> [Data section]
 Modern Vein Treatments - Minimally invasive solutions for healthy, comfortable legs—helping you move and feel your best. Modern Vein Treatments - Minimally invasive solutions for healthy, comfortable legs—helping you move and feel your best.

--

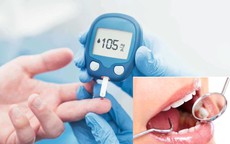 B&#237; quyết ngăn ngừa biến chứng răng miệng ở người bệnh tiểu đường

--

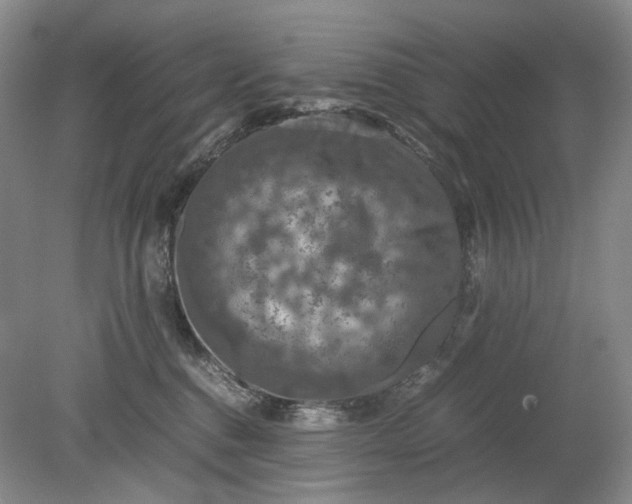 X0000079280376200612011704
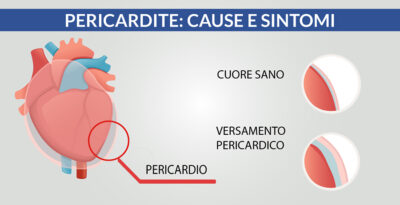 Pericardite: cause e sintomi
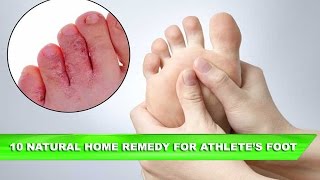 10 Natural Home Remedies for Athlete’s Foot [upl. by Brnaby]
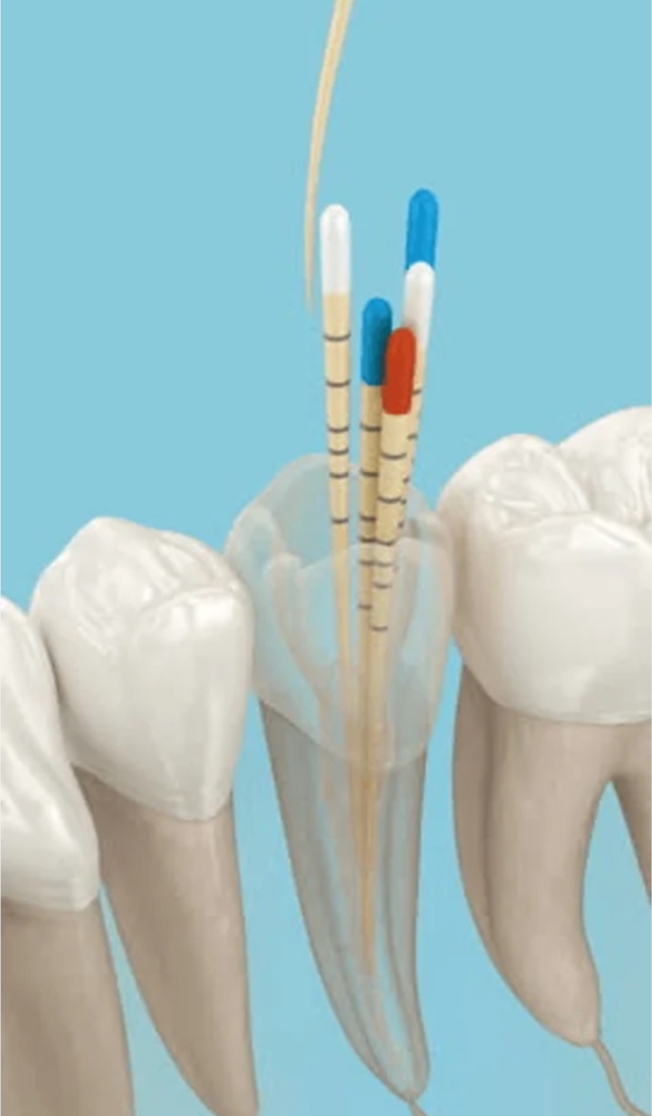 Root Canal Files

> [What the exercise asks]
Each line from the one that contains "X0000079280376200612011704" down to the one that contains "Root Canal Files" is to be returned exactly as it stands above, both ends included, with pictures removed.

> [Answer box]
 X0000079280376200612011704
 Pericardite: cause e sintomi
 10 Natural Home Remedies for Athlete’s Foot [upl. by Brnaby]
 Root Canal Files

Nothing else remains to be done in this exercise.